For the data below, retype word for word the lines from the one containing "Lacoste Shoes dámské" through the one containing "CJ Banks White"; drop the pictures.

Web page caption snippets:
----

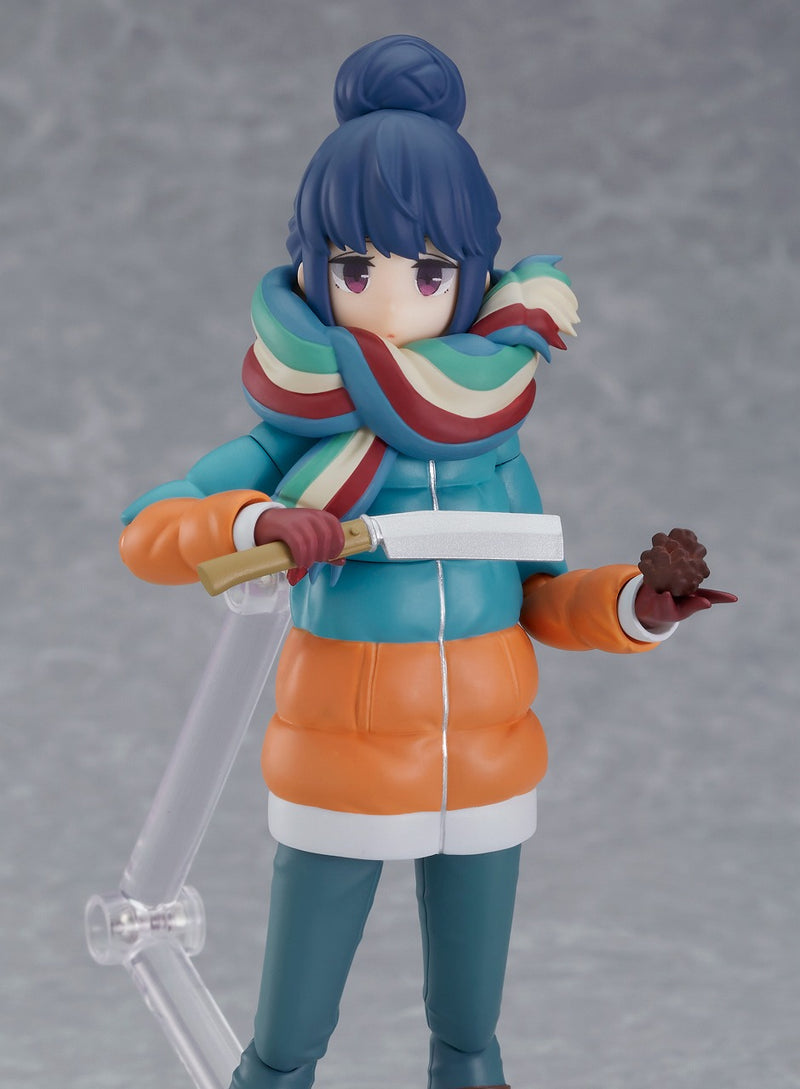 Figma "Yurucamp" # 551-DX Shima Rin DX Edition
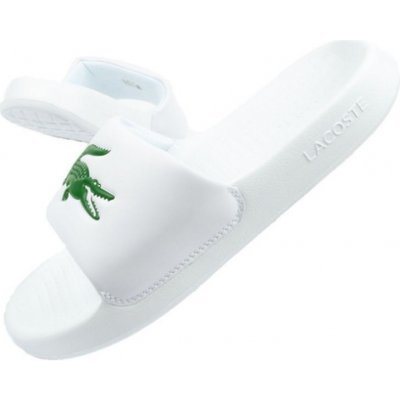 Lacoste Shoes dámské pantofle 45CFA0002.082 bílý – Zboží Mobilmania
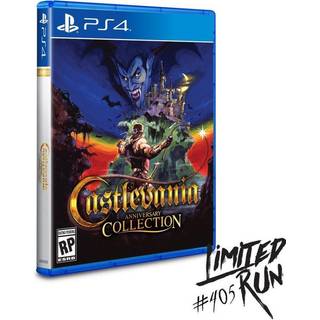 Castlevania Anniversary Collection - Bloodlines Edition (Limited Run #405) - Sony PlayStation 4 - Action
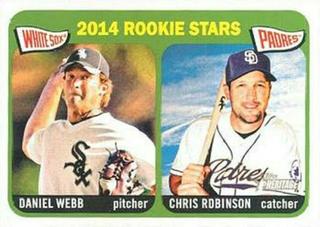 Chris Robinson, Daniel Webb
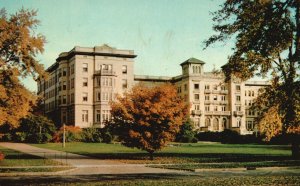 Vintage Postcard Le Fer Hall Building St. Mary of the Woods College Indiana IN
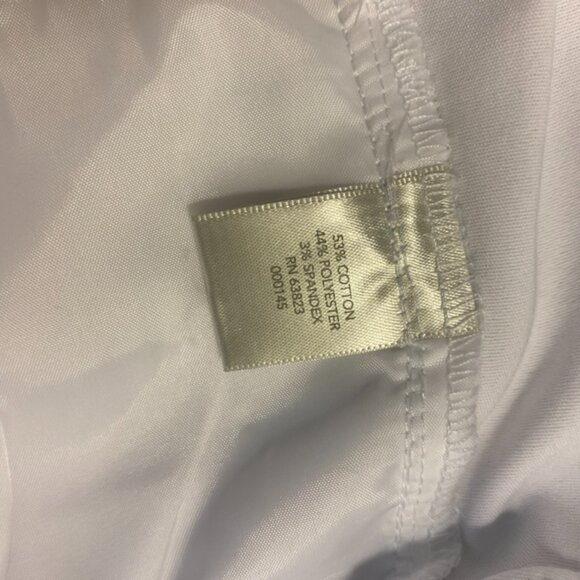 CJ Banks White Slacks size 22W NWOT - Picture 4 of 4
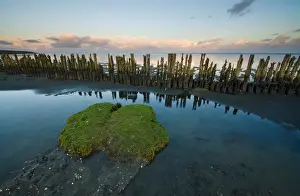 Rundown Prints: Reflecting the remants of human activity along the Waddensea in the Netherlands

----

▶ _OUTPUT OF THE EXERCISE_
 Lacoste Shoes dámské pantofle 45CFA0002.082 bílý – Zboží Mobilmania
 Castlevania Anniversary Collection - Bloodlines Edition (Limited Run #405) - Sony PlayStation 4 - Action
 Chris Robinson, Daniel Webb
 Vintage Postcard Le Fer Hall Building St. Mary of the Woods College Indiana IN
 CJ Banks White Slacks size 22W NWOT - Picture 4 of 4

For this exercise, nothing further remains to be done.